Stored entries
________________________________________

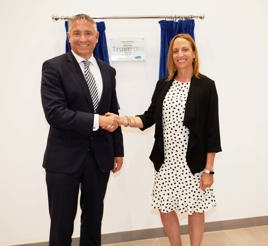 TrustFord acting chairman and chief executive and finance director Stuart Mustoe with Mandy Dean, director of commercial vehicles, Ford of Britain and Ireland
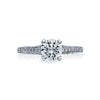 For the modern Tacori Girl; this stunning solitaire with a single string of diamonds glistening along the crisp platinum ceiling makes for a truly one of a kind engagement ring. A brilliant round center diamond is placed on the crown with grace and crafts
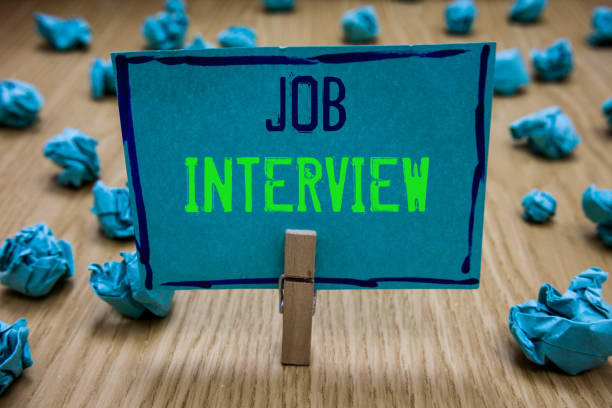 istock Handwriting text writing Job Interview. Concept meaning Assessment Questions Answers Hiring Employment Panel Clothespin holding blue paper note crumpled papers several tries mistakes. 1049735828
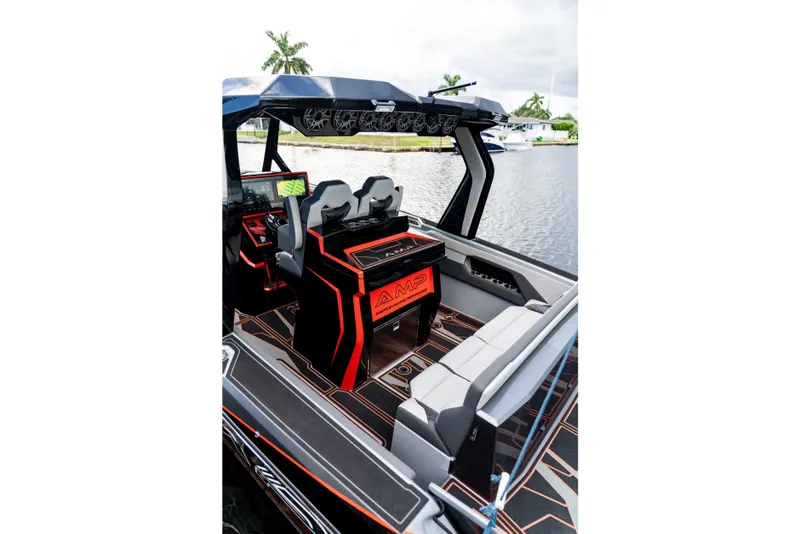 Slide: The Image of Modern AMP 333 boat interior, 2026 model, featuring sleek design and advanced navigation technology. - 4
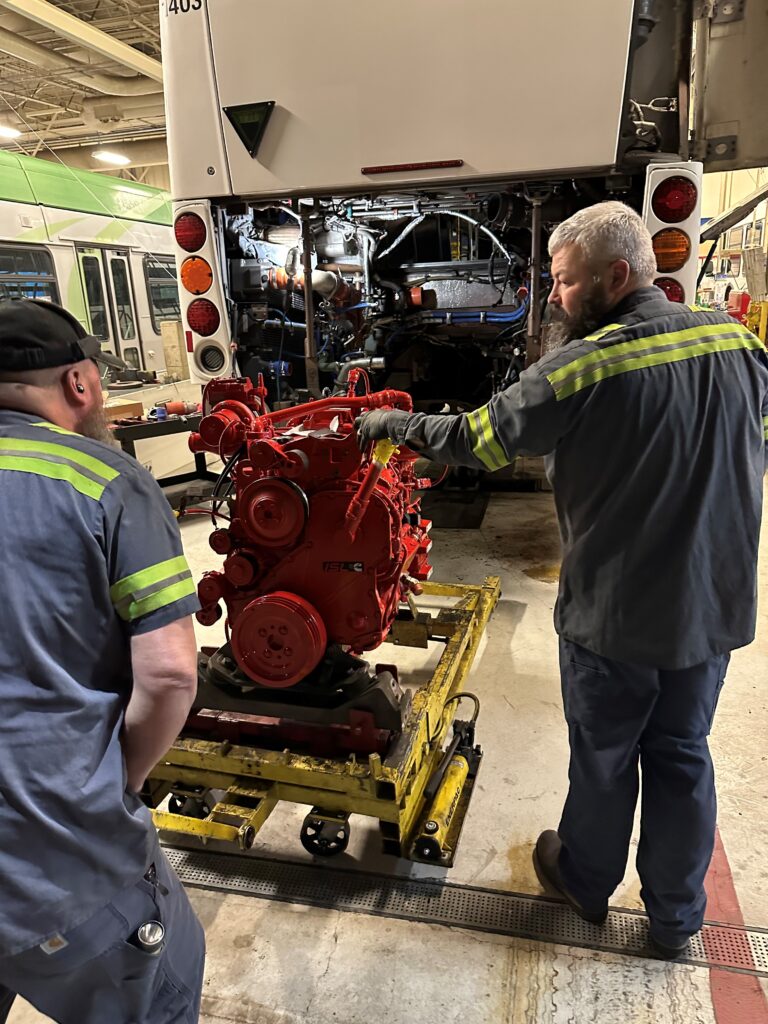 Two mechanics in uniforms stand by a red engine on a lift, preparing to install it into the rear of a bus inside a maintenance garage.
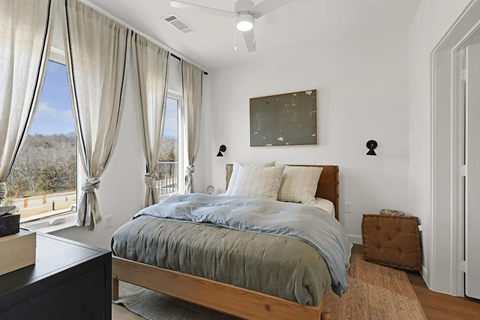 A bedroom with a large bed and a view of the outdoors through the window at Terraces at High Mountain apartments in Huntsville, AL.
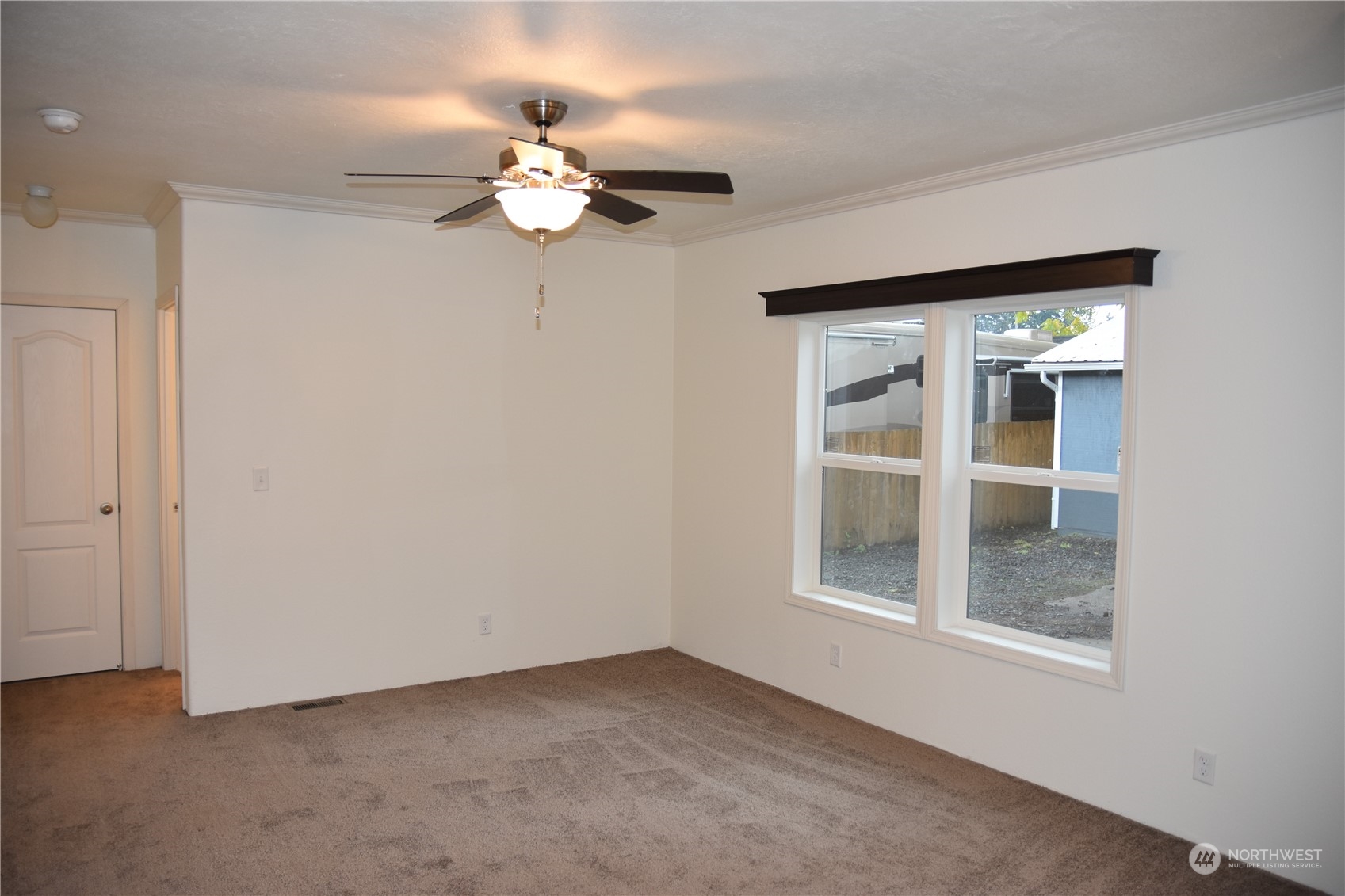 4322 Ocean Beach Highway Longview, WA 98632 - Photo 7 of 19 a view of an empty room with a window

________________________________________

Leave out the pictures and reproduce the rest of the records exactly.

 TrustFord acting chairman and chief executive and finance director Stuart Mustoe with Mandy Dean, director of commercial vehicles, Ford of Britain and Ireland
 For the modern Tacori Girl; this stunning solitaire with a single string of diamonds glistening along the crisp platinum ceiling makes for a truly one of a kind engagement ring. A brilliant round center diamond is placed on the crown with grace and crafts
 istock Handwriting text writing Job Interview. Concept meaning Assessment Questions Answers Hiring Employment Panel Clothespin holding blue paper note crumpled papers several tries mistakes. 1049735828
 Slide: The Image of Modern AMP 333 boat interior, 2026 model, featuring sleek design and advanced navigation technology. - 4
 Two mechanics in uniforms stand by a red engine on a lift, preparing to install it into the rear of a bus inside a maintenance garage.
 A bedroom with a large bed and a view of the outdoors through the window at Terraces at High Mountain apartments in Huntsville, AL.
 4322 Ocean Beach Highway Longview, WA 98632 - Photo 7 of 19 a view of an empty room with a window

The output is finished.